__WORK REQUIRED__
Retype, word for word, each line between the lines holding "Original skoda fabia" and "Wydao Si! PIS", inclusive, and leave the rest of the data alone.

__DATA SHOWN__
──────────────────────────────
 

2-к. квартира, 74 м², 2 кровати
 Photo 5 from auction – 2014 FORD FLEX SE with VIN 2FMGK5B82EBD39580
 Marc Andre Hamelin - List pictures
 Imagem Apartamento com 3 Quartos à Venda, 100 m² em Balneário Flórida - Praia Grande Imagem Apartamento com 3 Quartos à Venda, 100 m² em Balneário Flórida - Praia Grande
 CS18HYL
──────────────────────────────
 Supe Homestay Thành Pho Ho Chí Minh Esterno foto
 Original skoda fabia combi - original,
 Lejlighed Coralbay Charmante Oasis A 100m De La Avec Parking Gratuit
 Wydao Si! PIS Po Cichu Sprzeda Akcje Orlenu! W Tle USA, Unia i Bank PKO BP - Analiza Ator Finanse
──────────────────────────────
__RESPONSE AREA__
 Original skoda fabia combi - original,
 Lejlighed Coralbay Charmante Oasis A 100m De La Avec Parking Gratuit
 Wydao Si! PIS Po Cichu Sprzeda Akcje Orlenu! W Tle USA, Unia i Bank PKO BP - Analiza Ator Finanse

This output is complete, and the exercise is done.